May 15, 2014
Vegetable gardening is a growing trend across Ontario. Gardeners of all ages inspired by the local food movement and a desire for healthy eating are using whatever space in their backyards, patios or balconies to create edible gardens.

As Ontario and the GTA become more ethnically diverse, new Canadians have brought tastes for world crops from Asia, Africa and Latin America. Instead of tomatoes, think tomatillos; instead of green beans, think yard long beans.

Combining these two trends at Canada Blooms this year was the popular Edible Gardens Go Global booth, by Toronto Botanical Garden and the Friends of the Greenbelt Foundation.

Thousands of visitors filled the TBG booth over the 10-day show to get ideas for growing their own world crops this summer.
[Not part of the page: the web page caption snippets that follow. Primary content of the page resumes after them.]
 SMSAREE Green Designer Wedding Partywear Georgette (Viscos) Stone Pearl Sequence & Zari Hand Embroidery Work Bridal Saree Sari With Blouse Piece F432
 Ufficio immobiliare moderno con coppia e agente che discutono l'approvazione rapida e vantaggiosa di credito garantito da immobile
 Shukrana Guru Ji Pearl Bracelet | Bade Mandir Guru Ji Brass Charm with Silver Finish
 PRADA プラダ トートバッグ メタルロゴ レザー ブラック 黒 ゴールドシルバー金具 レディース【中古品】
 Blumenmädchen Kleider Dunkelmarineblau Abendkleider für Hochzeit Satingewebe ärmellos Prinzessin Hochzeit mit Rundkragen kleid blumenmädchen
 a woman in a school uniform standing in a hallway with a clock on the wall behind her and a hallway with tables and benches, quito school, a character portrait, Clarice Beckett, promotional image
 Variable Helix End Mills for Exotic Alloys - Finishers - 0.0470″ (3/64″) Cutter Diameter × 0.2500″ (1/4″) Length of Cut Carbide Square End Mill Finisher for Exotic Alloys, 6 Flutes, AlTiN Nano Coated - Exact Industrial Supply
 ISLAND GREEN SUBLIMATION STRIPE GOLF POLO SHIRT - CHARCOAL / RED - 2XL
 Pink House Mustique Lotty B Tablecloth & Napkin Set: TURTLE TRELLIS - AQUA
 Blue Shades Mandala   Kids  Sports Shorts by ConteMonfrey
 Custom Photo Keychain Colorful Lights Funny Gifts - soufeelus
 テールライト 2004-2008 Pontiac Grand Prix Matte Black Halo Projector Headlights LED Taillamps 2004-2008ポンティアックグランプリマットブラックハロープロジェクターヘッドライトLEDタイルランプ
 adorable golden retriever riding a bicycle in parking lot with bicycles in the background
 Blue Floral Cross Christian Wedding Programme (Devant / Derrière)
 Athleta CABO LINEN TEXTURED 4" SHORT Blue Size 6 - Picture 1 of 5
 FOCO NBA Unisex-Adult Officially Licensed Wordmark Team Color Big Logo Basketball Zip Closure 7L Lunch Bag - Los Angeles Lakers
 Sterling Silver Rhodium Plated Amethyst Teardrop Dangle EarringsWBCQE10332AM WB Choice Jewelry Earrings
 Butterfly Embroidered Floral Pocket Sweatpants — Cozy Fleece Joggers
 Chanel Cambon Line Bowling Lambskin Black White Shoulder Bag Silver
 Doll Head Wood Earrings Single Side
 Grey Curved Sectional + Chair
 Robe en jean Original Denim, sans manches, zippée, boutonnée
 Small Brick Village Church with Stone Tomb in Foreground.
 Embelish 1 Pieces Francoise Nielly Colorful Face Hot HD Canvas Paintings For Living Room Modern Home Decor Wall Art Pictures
Volunteers gave out 4,000 free packets of okra seeds to interested gardeners.

Among the locally-grown vegetables on display were okra from West Africa, hot peppers from China and Thailand, South Asian yard long beans, and varieties of eggplant from China and India. A repeated question from visitors was, “Where can I pick up seeds to grow these myself?”

Garden centres throughout the region can now expand offerings to include world seeds and seedlings to meet the diverse needs of their consumers.

Some suppliers already stock world crop seeds. These include William Dam Seed, Ontario Seed and McKenzie Seed Company.

Vineland Research and Innovation Centre is working to commercialize production of some world crops with local farmers. They hope to tap into the estimated $730 million market in the GTA alone — a figure that will increase as more immigrants make the region their home.

This movement to grow local, eat global started in the greenhouses of research centres and with organizations like TBG, and is now taking off among the general public, many of whom want to grow world crops themselves.